SANG PUTRI 12

SANG PUTRI  12

( Tien Kumalasari)

 

Palupi masih tetap duduk, menatap tajam perempuan yang baru datang. Ia membawa sebuah tas yang agak besar.

“Mau mencari siapa?”

“Saya disuruh bu Dewi datang kemari. Benarkah ini rumah pak Handoko?”

“Ooh.. kamu pembantu yang dikirim bu Dewi ya?”

“Iya bu..”

“Namamu siapa?”

“Saya Suprih..”

“Sudah biasa mengerjakan pekerjaan rumah tangga?”

“Sudah bu, dulu pernah ikut putranya bu Dewi di Jakarta.”

“Oh, baiklah, bisa masuk mulai hari ini?”

“Bisa bu.”

“Kalau begitu langsunglah bekerja. Ayo ikut aku,” kata Palupi sambil beranjak kebelakang dan Suprih membuntuti dibelakangnya.

Palupi menunjukkan meja makan yang masih belum dirapikan, masih banyak makanan sisa  kemarin dan perabot-perabot kotor yang semuanya sudah berbau.

“Lihat semua, dan bersihkan. Mengerti maksudku?”

“Iya bu, saya mengerti.”

“Oh ya, itu.. kamar didekat dapur itu kamarmu. Letakkan saja bawaanmu didalam sana,” kata Palupi yang dengan enteng menunjukkan kamar Mirah agar ditempati Suprih.

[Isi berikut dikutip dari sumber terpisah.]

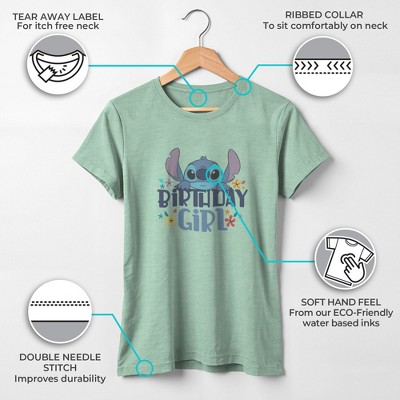 Lilo & Stitch Girl's Lilo & Stitch Birthday Girl Stitch T-Shirt - Mint - Small — фото 3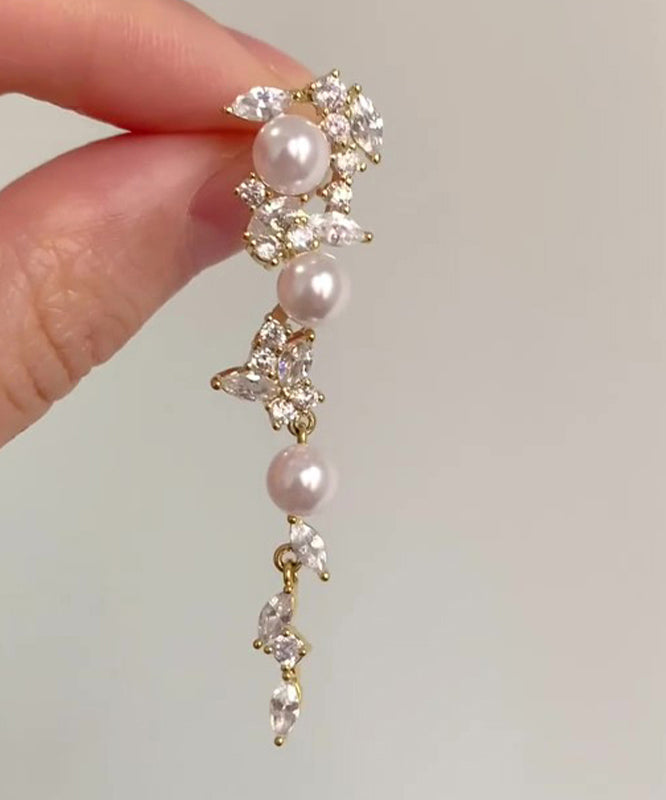 Gold Copper Overgild Pearl Butterfly Tassel Drop Earrings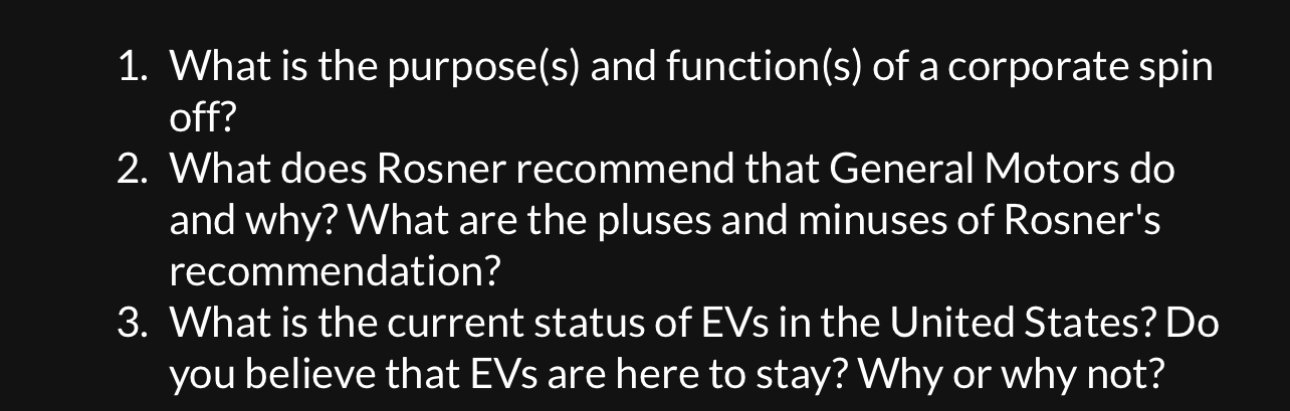  What is the purpose(s) and function(s) of a corporate spin off?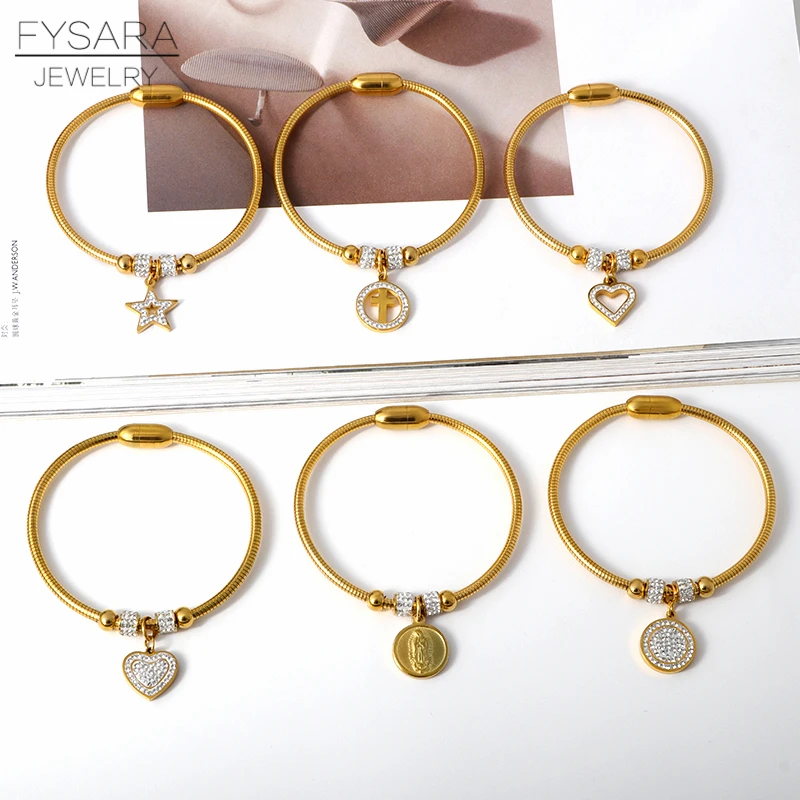FYSARA винтажные шармы браслеты с сердечками для женщин хрустальные Pulseras змея из нержавеющей стали цепная проволока браслеты и браслеты DIY на заказ
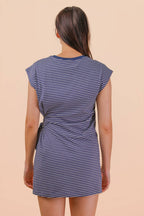 ND31733-Stripe Knit Sleeveless Mini Dress W/ Tie Detail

“Ya bu,” lalu Suprihpun meletakkan tas yang dibawanya dikamar itu, yang dengan heran dia membatin,

“Kamar ini sangat rapi. Mengapa kamar pembantu justru tampak rapi sementara diluar itu kotor dan bau?” kata batin Suprih.

“Setelah itu menyapu rumah, mengepel. Aduh.. mana ya alat-alat bersih-bersih.. mungkin disebelah gudang itu, kamu cari sendiri. Pokoknya semua harus bersih. Setelah itu, masuk kekamar sebelah sana itu, itu kamarku. Badanku sakit semua, kamu bisa memijit?”

“Bisa bu.”

“Bagus, kerjakan yang itu dulu. Pusing kepalaku mencium bau-bau tak sedap ini.”

“Baiklah bu.”

Palupi meninggalkan Suprih lalu beranjak kembali ke teras. Tiba-tiba ia ingin sesuatu.

“Supriiiih..” teriaknya.

Suprih meninggalkan pekerjaannya membersihkan meja makan.

“Ya bu..”

“Aduh, tanganmu bau. Cuci bersih dulu tangan kamu, lalu buatkan aku kopi susu. Dimeja dapur ada semuanya, kamu mengerti?”

“Baik bu.”

“Tapi cuci dulu tanganmu dengan sabun, sampai bersih, baru membuat minuman untuk aku, lalu bawa kemari. Semuanya bisa kamu cari didapur.”

“Baiklah,” kata Suprih.

Dalam hati Suprih bertanya-tanya.

“Bagaimana mungkin rumah sebagus ini tampak kotor dan bau. Kalau tidak punya pembantu, apakah si ibu itu tadi tidak bisa kalau hanya sekedar mencuci piring?”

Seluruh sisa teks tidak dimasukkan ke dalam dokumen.